## Given data

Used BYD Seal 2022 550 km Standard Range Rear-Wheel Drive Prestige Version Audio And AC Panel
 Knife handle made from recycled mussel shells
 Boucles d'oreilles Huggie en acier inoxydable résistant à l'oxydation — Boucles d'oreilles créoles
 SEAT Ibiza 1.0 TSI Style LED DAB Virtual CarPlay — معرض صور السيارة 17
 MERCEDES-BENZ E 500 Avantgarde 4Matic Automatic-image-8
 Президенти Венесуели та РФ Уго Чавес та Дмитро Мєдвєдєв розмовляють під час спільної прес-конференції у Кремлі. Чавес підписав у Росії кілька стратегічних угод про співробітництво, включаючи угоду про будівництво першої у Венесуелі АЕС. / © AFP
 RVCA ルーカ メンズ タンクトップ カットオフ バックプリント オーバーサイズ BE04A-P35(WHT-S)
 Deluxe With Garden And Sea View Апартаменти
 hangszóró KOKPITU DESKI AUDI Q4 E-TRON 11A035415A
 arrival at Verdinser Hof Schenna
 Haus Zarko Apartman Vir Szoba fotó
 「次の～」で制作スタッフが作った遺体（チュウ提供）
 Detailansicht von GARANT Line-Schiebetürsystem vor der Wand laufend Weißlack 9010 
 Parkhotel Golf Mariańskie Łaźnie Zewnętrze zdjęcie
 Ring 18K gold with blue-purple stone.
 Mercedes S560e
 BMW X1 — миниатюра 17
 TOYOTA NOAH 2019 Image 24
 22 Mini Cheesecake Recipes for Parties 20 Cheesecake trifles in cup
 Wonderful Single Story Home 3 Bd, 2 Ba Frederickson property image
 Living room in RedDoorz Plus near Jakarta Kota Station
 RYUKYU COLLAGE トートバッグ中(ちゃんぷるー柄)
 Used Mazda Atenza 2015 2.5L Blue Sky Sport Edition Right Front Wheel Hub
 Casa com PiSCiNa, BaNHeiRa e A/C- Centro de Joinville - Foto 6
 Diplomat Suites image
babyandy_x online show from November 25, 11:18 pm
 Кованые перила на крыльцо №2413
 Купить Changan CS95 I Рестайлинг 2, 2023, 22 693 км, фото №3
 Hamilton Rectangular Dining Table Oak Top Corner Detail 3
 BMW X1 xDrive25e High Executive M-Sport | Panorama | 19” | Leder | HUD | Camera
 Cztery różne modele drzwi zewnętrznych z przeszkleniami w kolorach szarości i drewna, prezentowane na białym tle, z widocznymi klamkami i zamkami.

## What needs to be done
Copy out the records shown above, every one, exactly.

## Result for this exercise
Used BYD Seal 2022 550 km Standard Range Rear-Wheel Drive Prestige Version Audio And AC Panel
 Knife handle made from recycled mussel shells
 Boucles d'oreilles Huggie en acier inoxydable résistant à l'oxydation — Boucles d'oreilles créoles
 SEAT Ibiza 1.0 TSI Style LED DAB Virtual CarPlay — معرض صور السيارة 17
 MERCEDES-BENZ E 500 Avantgarde 4Matic Automatic-image-8
 Президенти Венесуели та РФ Уго Чавес та Дмитро Мєдвєдєв розмовляють під час спільної прес-конференції у Кремлі. Чавес підписав у Росії кілька стратегічних угод про співробітництво, включаючи угоду про будівництво першої у Венесуелі АЕС. / © AFP
 RVCA ルーカ メンズ タンクトップ カットオフ バックプリント オーバーサイズ BE04A-P35(WHT-S)
 Deluxe With Garden And Sea View Апартаменти
 hangszóró KOKPITU DESKI AUDI Q4 E-TRON 11A035415A
 arrival at Verdinser Hof Schenna
 Haus Zarko Apartman Vir Szoba fotó
 「次の～」で制作スタッフが作った遺体（チュウ提供）
 Detailansicht von GARANT Line-Schiebetürsystem vor der Wand laufend Weißlack 9010 
 Parkhotel Golf Mariańskie Łaźnie Zewnętrze zdjęcie
 Ring 18K gold with blue-purple stone.
 Mercedes S560e
 BMW X1 — миниатюра 17
 TOYOTA NOAH 2019 Image 24
 22 Mini Cheesecake Recipes for Parties 20 Cheesecake trifles in cup
 Wonderful Single Story Home 3 Bd, 2 Ba Frederickson property image
 Living room in RedDoorz Plus near Jakarta Kota Station
 RYUKYU COLLAGE トートバッグ中(ちゃんぷるー柄)
 Used Mazda Atenza 2015 2.5L Blue Sky Sport Edition Right Front Wheel Hub
 Casa com PiSCiNa, BaNHeiRa e A/C- Centro de Joinville - Foto 6
 Diplomat Suites image
babyandy_x online show from November 25, 11:18 pm
 Кованые перила на крыльцо №2413
 Купить Changan CS95 I Рестайлинг 2, 2023, 22 693 км, фото №3
 Hamilton Rectangular Dining Table Oak Top Corner Detail 3
 BMW X1 xDrive25e High Executive M-Sport | Panorama | 19” | Leder | HUD | Camera
 Cztery różne modele drzwi zewnętrznych z przeszkleniami w kolorach szarości i drewna, prezentowane na białym tle, z widocznymi klamkami i zamkami.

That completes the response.